That's your choice, not mine.

> none of the ideas I thought about earlier seem that great anymore.

This is very common. I have this when I shower ;) Go stand under the shower
long enough and sure, one idea after another. Mostly because I can't access
the internet when I'm showering so there is no context. Then as I go and check
feasibility, others active in the field, invariably the majority of them pale.

> what to work on ?

Without any stated goals this is a very very hard question.
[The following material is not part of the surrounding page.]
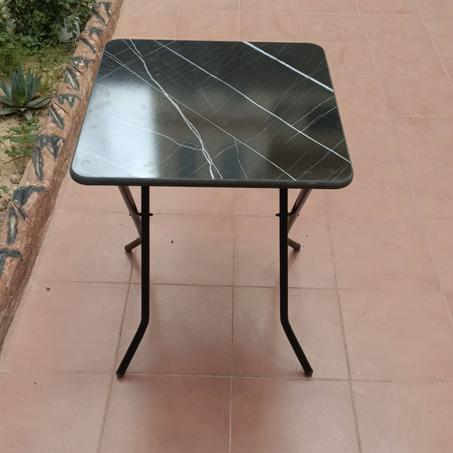 طاولة قابلة لطي متعددة الإستخدمات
You'd have to at least come up with a couple of boundary conditions, such as
how long you can afford to work on this without any income, how much time you
are willing to expend, whether it has to be a strictly one man/woman job, your
skill level and so on.

That you quit grad school doesn't mean much, I've seen people with impressive
degrees that would not be able to run an icecream stand, let alone a software
or service business, and I've seen high school drop-outs that were doing just
that and doing fine.

As for small concrete problems, if what you are looking for is work experience
instead of running your own start-up for a make-or-break effort not to land in
a job somewhere there is a middle ground, it is consulting.

If you're good you could simply hire yourself out by the hour to software
companies or companies needing software written for them in your region. If
you do that well then roughly 1/4 of your time 'booked' should pay for basic
living expenses.

Then you still have 3/4 left to work on you own stuff.

best of luck!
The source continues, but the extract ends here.